(Short text fragments from websites)
========

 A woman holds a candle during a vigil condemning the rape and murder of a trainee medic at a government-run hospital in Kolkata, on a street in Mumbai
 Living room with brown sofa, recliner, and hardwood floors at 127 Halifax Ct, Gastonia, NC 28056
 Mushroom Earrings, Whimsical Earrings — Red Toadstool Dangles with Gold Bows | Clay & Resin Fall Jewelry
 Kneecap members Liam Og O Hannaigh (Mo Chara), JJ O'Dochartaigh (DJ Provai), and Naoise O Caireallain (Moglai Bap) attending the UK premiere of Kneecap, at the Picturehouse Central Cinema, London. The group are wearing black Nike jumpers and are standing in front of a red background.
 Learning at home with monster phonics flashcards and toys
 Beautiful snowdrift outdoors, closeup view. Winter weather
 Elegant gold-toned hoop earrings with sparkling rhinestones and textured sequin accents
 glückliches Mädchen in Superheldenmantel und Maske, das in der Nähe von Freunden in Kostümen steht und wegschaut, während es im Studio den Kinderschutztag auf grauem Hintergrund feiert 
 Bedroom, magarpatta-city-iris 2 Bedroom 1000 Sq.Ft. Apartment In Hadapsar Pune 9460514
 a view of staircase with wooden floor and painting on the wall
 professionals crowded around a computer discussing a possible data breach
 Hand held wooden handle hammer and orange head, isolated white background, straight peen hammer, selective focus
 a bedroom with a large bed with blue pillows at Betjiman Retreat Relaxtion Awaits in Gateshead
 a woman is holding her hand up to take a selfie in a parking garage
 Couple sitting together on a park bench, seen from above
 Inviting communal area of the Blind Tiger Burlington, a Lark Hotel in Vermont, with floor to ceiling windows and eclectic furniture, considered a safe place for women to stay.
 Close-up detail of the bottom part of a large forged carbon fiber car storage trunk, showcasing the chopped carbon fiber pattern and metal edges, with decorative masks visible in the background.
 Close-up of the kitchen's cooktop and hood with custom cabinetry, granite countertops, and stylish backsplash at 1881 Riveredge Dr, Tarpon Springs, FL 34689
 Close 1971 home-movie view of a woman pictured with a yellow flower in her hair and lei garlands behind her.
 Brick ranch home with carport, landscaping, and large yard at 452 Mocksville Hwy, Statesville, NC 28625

========

Output the records once more, exactly as they stand.

 A woman holds a candle during a vigil condemning the rape and murder of a trainee medic at a government-run hospital in Kolkata, on a street in Mumbai
 Living room with brown sofa, recliner, and hardwood floors at 127 Halifax Ct, Gastonia, NC 28056
 Mushroom Earrings, Whimsical Earrings — Red Toadstool Dangles with Gold Bows | Clay & Resin Fall Jewelry
 Kneecap members Liam Og O Hannaigh (Mo Chara), JJ O'Dochartaigh (DJ Provai), and Naoise O Caireallain (Moglai Bap) attending the UK premiere of Kneecap, at the Picturehouse Central Cinema, London. The group are wearing black Nike jumpers and are standing in front of a red background.
 Learning at home with monster phonics flashcards and toys
 Beautiful snowdrift outdoors, closeup view. Winter weather
 Elegant gold-toned hoop earrings with sparkling rhinestones and textured sequin accents
 glückliches Mädchen in Superheldenmantel und Maske, das in der Nähe von Freunden in Kostümen steht und wegschaut, während es im Studio den Kinderschutztag auf grauem Hintergrund feiert 
 Bedroom, magarpatta-city-iris 2 Bedroom 1000 Sq.Ft. Apartment In Hadapsar Pune 9460514
 a view of staircase with wooden floor and painting on the wall
 professionals crowded around a computer discussing a possible data breach
 Hand held wooden handle hammer and orange head, isolated white background, straight peen hammer, selective focus
 a bedroom with a large bed with blue pillows at Betjiman Retreat Relaxtion Awaits in Gateshead
 a woman is holding her hand up to take a selfie in a parking garage
 Couple sitting together on a park bench, seen from above
 Inviting communal area of the Blind Tiger Burlington, a Lark Hotel in Vermont, with floor to ceiling windows and eclectic furniture, considered a safe place for women to stay.
 Close-up detail of the bottom part of a large forged carbon fiber car storage trunk, showcasing the chopped carbon fiber pattern and metal edges, with decorative masks visible in the background.
 Close-up of the kitchen's cooktop and hood with custom cabinetry, granite countertops, and stylish backsplash at 1881 Riveredge Dr, Tarpon Springs, FL 34689
 Close 1971 home-movie view of a woman pictured with a yellow flower in her hair and lei garlands behind her.
 Brick ranch home with carport, landscaping, and large yard at 452 Mocksville Hwy, Statesville, NC 28625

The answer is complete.